Index | Thread | Search

From:
Stefan Fritsch <sf@openbsd.org>
Subject:
Re: virtio_pci change for SEV
To:
Mark Kettenis <mark.kettenis@xs4all.nl>
Cc:
tech@openbsd.org
Date:
Mon, 28 Oct 2024 10:34:32 +0100

Download raw body.

Thread
ping?

On Wed, 9 Oct 2024, Stefan Fritsch wrote:

> On Tue, 8 Oct 2024, Mark Kettenis wrote:
> 
> > > Date: Tue, 8 Oct 2024 09:14:29 +0200 (CEST)
> > > From: Stefan Fritsch <sf@openbsd.org>
> > > 
> > > Hi,
> > > 
> > > we always use the standard pci busdma machinery. Therefore we should
> > > negotiate the VIRTIO_F_ACCESS_PLATFORM feature if it is offered.
> > > Strictly speaking we should bypass any existing iommus if the host 
> > > does not offer this feature, but this no regression and we can do that 
> > > when/if we introduce our own busdma tag for virtio.
> > > 
> > > Accepting VIRTIO_F_ACCESS_PLATFORM is required for SEV on KVM/qemu.
> > > 
> > > ok?
> > 
> > Sorry, but your explanation makes no sense.  What does "the standard
> > pci busdma machinery" mean?  I think it means different things on
> > different architectures.
> > 
> > The description of the VIRTIO_F_ACCESS_PLATFORM flag is very vague.  I
> > think the only possible interpretation is that not setting the flag
> > means "we're Linux and you can make assumptions and optimize things".
> > So indeed setting that flag uncodinitionally may make sense.  But we
> > need a better comment.
> 
> Yes, the description is rather vague. I interpret it that having it 
> enabled means we should do like we would do on real hardware WRT address 
> translation / IOMMUs / cache flushes, while with it disabled we should 
> always use physical addresses in the rings, even if there seems to be an 
> iommu.

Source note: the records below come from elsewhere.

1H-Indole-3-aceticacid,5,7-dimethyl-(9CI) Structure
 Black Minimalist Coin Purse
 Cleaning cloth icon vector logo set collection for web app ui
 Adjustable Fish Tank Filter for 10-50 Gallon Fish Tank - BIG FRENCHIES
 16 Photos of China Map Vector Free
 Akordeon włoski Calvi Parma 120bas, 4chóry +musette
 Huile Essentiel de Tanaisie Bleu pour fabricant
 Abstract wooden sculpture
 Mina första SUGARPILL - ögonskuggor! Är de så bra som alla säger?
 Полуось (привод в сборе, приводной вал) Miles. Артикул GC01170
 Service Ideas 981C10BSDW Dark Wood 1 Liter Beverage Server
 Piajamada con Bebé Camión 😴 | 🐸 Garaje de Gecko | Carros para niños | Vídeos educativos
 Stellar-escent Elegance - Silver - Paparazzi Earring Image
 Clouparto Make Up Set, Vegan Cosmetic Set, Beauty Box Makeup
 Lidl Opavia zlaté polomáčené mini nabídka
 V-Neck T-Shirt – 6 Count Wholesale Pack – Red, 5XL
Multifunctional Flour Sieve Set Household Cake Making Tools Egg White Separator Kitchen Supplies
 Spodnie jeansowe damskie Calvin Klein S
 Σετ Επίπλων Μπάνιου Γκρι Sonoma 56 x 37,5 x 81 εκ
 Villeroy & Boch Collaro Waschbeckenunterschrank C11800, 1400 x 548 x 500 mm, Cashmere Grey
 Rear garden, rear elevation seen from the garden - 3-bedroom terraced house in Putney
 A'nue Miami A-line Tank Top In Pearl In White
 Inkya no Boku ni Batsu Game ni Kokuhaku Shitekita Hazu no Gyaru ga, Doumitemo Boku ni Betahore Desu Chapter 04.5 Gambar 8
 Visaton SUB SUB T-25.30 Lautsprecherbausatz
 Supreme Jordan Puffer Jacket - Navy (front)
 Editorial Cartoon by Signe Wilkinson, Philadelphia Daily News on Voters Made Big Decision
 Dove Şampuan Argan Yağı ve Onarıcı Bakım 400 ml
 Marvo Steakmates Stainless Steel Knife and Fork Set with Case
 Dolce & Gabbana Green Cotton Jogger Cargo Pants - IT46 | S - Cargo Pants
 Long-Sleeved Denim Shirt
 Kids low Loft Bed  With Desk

For the IOMMU part, I know that this is how qemu/KVM work in 
> practice.
> 
> What "like on real hardware" means exactly is of course architecture 
> dependent, but so is the meaning of the feature flag.
> 
> There is also VIRTIO_F_ORDER_PLATFORM with an equally vague description. I 
> think we should also set this flag as we don't use any optimized weaker 
> memory barriers. But in practice, this seems to be only relevant for 
> virtio implemented in hardware/FPGAs like on some Mellanox NICs.
> 
> Updated diff below that sets both flags and with more verbose 
> descriptions.
> 
> ok?
> 
> Cheers,
> Stefan
> 
> commit 3a4e0ac06eec036ec17616b88716701f3cf641cc
> Author: Stefan Fritsch <sf@sfritsch.de>
> Date:   Mon Sep 16 16:02:35 2024 +0200
> 
>     virtio_pci: Negotiate ACCESS_PLATTFORM/ORDER_PLATFORM features
>     
>     We always use the standard pci access mechanisms as we would on real
>     hardware. Therefore we should negotiate the VIRTIO_F_ACCESS_PLATFORM
>     feature if it is offered.  Strictly speaking we should bypass any
>     existing iommus if the host does not offer this feature, but this no
>     regression and is left for later.
>     
>     Also, we use the memory ordering / barriers as provided by
>     bus_dmamap_sync for real hardware. Therefore, we should negotiate the
>     VIRTIO_F_ORDER_PLATFORM feature.
>     
>     Accepting VIRTIO_F_ACCESS_PLATFORM is required for SEV on KVM/qemu.
> 
> diff --git a/sys/dev/pci/virtio_pci.c b/sys/dev/pci/virtio_pci.c
> index f9c8801ceb7..0302794f312 100644
> --- a/sys/dev/pci/virtio_pci.c
> +++ b/sys/dev/pci/virtio_pci.c
> @@ -821,6 +821,24 @@ virtio_pci_negotiate_features_10(struct virtio_softc *vsc,
>  	uint64_t host, negotiated;
>  
>  	vsc->sc_driver_features |= VIRTIO_F_VERSION_1;
> +	/*
> +	 * We always use the normal platform specific pci busdma API.
> +	 * Therefore we use the access mechanisms and translations as
> +	 * defined by the platform we are running on (as if it were
> +	 * real hardware).
> +	 *
> +	 * XXX If the hypervisor does not offer VIRTIO_F_ACCESS_PLATFORM
> +	 * XXX we should bypass any iommu that is present.
> +	 */
> +	vsc->sc_driver_features |= VIRTIO_F_ACCESS_PLATFORM;
> +	/*
> +	 * We always use pci specific memory ordering as implemented by
> +	 * the bus_dmamap_sync().
> +	 *
> +	 * XXX If the hypervisor does not offer VIRTIO_F_ORDER_PLATFORM,
> +	 * XXX we could use weaker barriers.
> +	 */
> +	vsc->sc_driver_features |= VIRTIO_F_ORDER_PLATFORM;
>  	/* notify on empty is 0.9 only */
>  	vsc->sc_driver_features &= ~VIRTIO_F_NOTIFY_ON_EMPTY;
>  	CWRITE(sc, device_feature_select, 0);
>